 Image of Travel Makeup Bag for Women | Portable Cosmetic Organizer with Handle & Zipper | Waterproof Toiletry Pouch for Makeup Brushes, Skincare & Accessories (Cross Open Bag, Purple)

══════════════════════════════

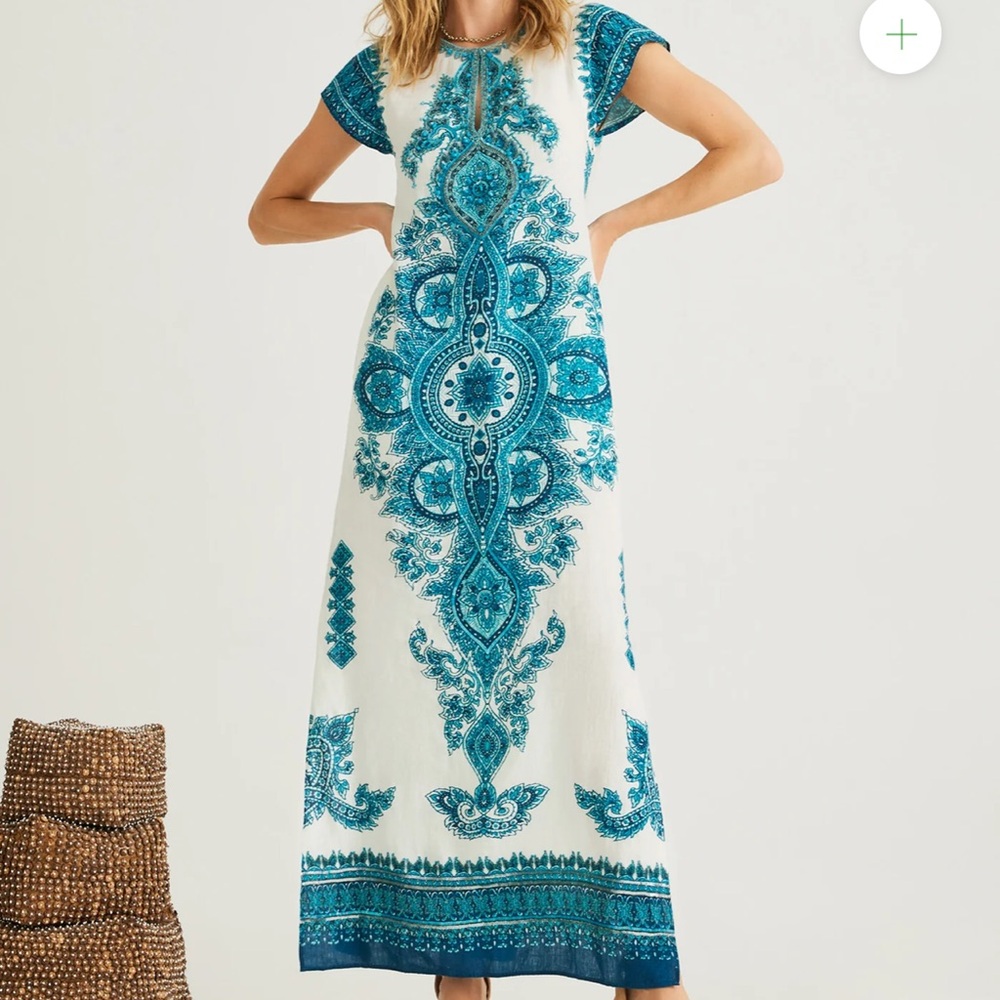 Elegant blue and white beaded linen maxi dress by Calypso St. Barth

══════════════════════════════

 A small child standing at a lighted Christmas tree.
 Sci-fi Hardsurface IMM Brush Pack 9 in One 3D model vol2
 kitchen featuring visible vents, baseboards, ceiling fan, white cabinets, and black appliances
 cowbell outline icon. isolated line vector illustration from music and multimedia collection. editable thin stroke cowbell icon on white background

══════════════════════════════

» Exercise brief
All lines in the data above from the one with "Sci-fi Hardsurface IMM" through the one with "cowbell outline icon." must be repeated exactly, and no others.

» Task result
 Sci-fi Hardsurface IMM Brush Pack 9 in One 3D model vol2
 kitchen featuring visible vents, baseboards, ceiling fan, white cabinets, and black appliances
 cowbell outline icon. isolated line vector illustration from music and multimedia collection. editable thin stroke cowbell icon on white background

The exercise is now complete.